In many cases, she added, parents who showed up to vote around 3:00 p.m., when children are being picked up from school, said they did not have time to go back later and vote.
“So that person didn’t vote, which is unfortunate,” said Lepain.
Lepain added the possibility of the COVID-19 pandemic resurging continues to stay top of mind in her decision-making, which is why the city is being more thoughtful about polling stations for the October municipal election are situated.
Some of the strategies include setting up polling stations more closely along transit routes and in locations that can accommodate more people.
“While there may not be seven, eight or nine polls in the ward — there may be four or five — they’re bigger, in more accessible locations and the parking is better for those who do take transit to the poll,” Lepain said.

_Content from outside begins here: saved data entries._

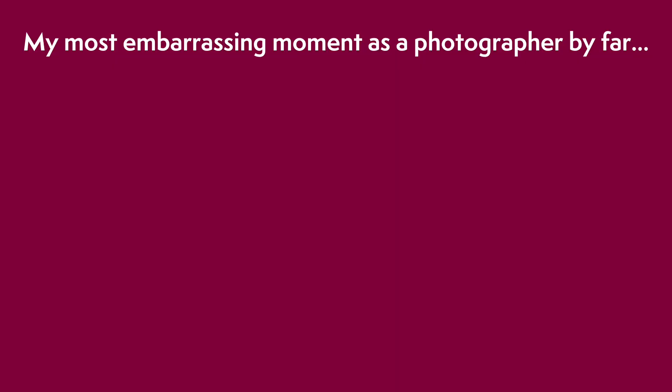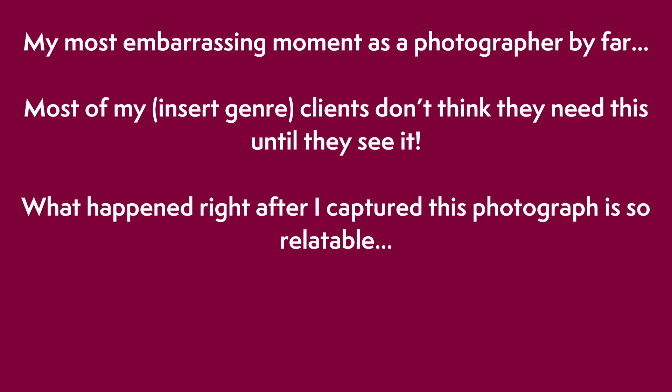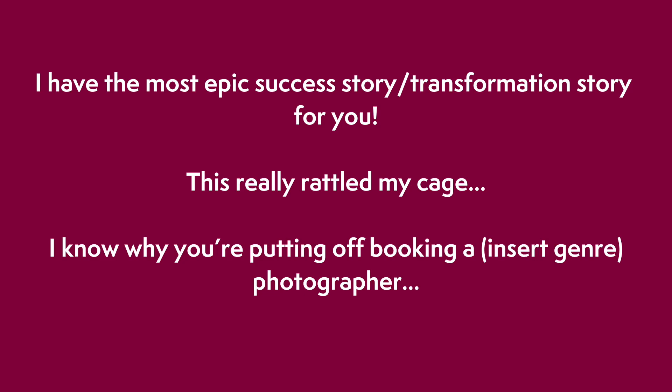Now let's look at some caption hook examples that could be used for any genre. 'My most embarrassing moment as a photographer — by far.' 'Most of my [genre] clients don't think they need this until they see it.' 'What happened right after I captured this photograph is so relatable.' 'I am totally unapologetic about the fact that I will never do this' — then tell them about something you don't do that other photographers might. 'I have the most epic success story for you.' 'This really rattled my cage.' 'I know why you're putting off booking a photographer.' I hope these caption hook examples help — start using first lines like this in your social posts and watch your engagement grow, along with your leads and bookings.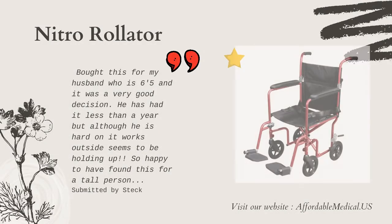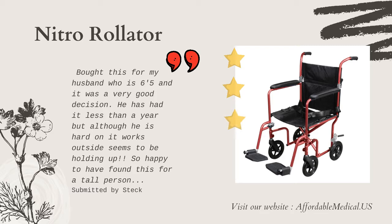Bought this for my husband who is 6'5" and it was a very good decision. He has had it less than a year, but although he is hard on it and works outside, it seems to be holding up. So happy to have found this for a tall person.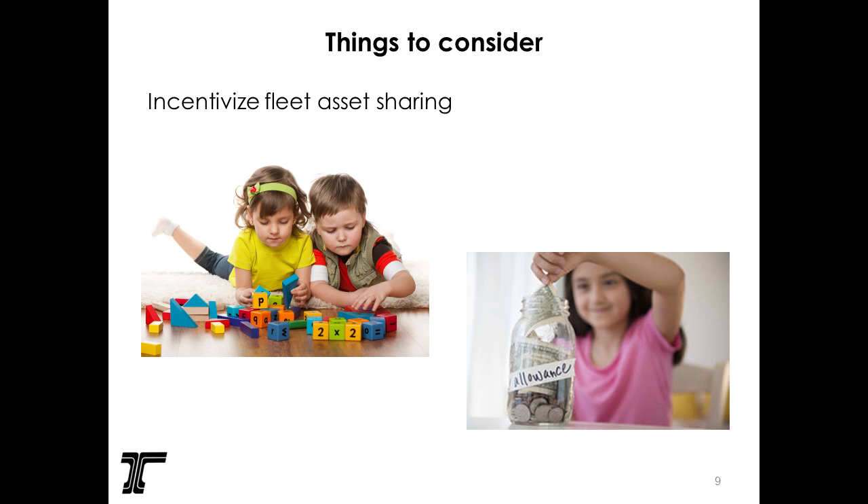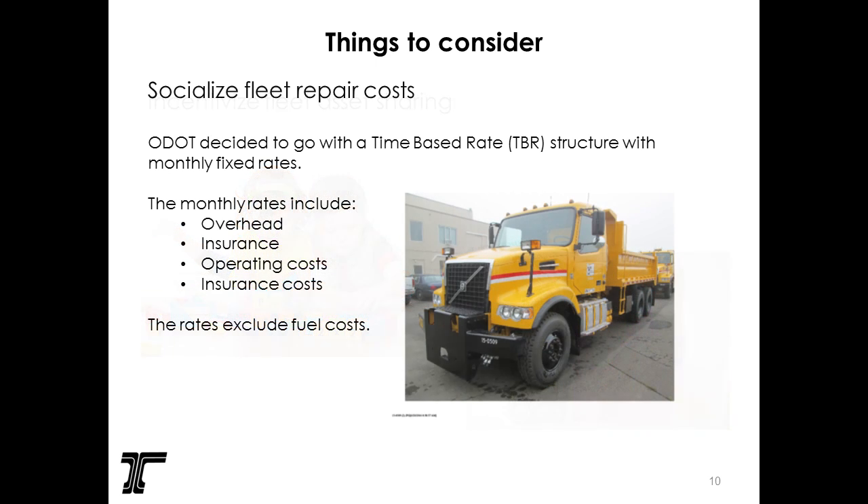We incentivized fleet asset sharing by socializing the fleet repair costs. We're implementing a new chargeback system, and as part of it, repair costs are included. So crews can't use the excuse that 'when he breaks it, I have to pay for it.' Now that's a fleet charge.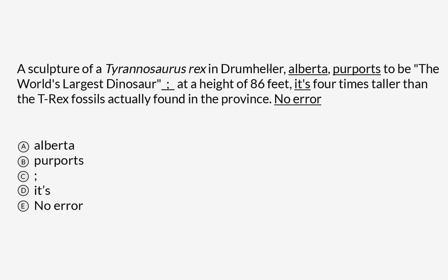So, a sculpture of a Tyrannosaurus rex in Drumheller, Alberta. What is Alberta? Well, we know from the sentence that it is a province — specifically, it's a Canadian province — and that suggests to me that this is a proper noun, and that this A should probably be capitalized.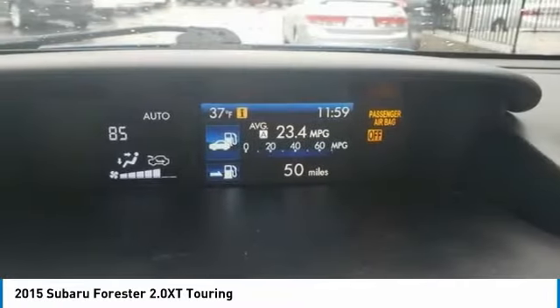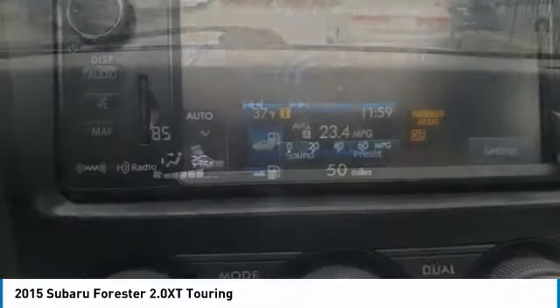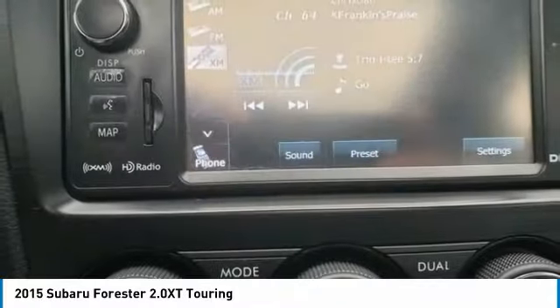I love the 2015 Forester. The Subaru Forester is a sensible, practical, and affordable vehicle. It has an impressive, comfortable ride and handles well. This vehicle has less than 90,000 miles.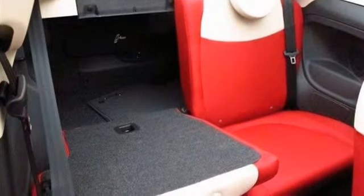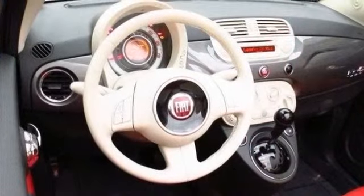Floor mat, leather steering wheel, steering wheel audio controls, and adjustable steering wheel.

The city is also planning to offer five days of advance voting via drive-thru, followed by three days of in-person advance voting. The drive-thru method was first tried out in Windsor during the 2020 Ward 7 by-election.
Lepain said there are plans in the works to allow eligible voters to cast a ballot anywhere in their ward, rather than being assigned a specific polling station specified on their voter identification card.
“We’ll have more staff at these locations to quickly service the voter,” Lepain added.
As for Sartori, he hopes the city’s strategies to capture the attention of eligible voters, particularly those who do not drive and rely on transit to get to voting stations, will pay off after the dust settles in the October vote.
“These are the folks that that need the most support in terms of getting out to vote. They’re the ones who, I think, are at the most risk of deciding it’s not worth their time and effort to vote on Election Day,” said Sartori.
“Anything the municipality can do to encourage more voter participation and more convenience for voters in casting their ballot is a good thing.”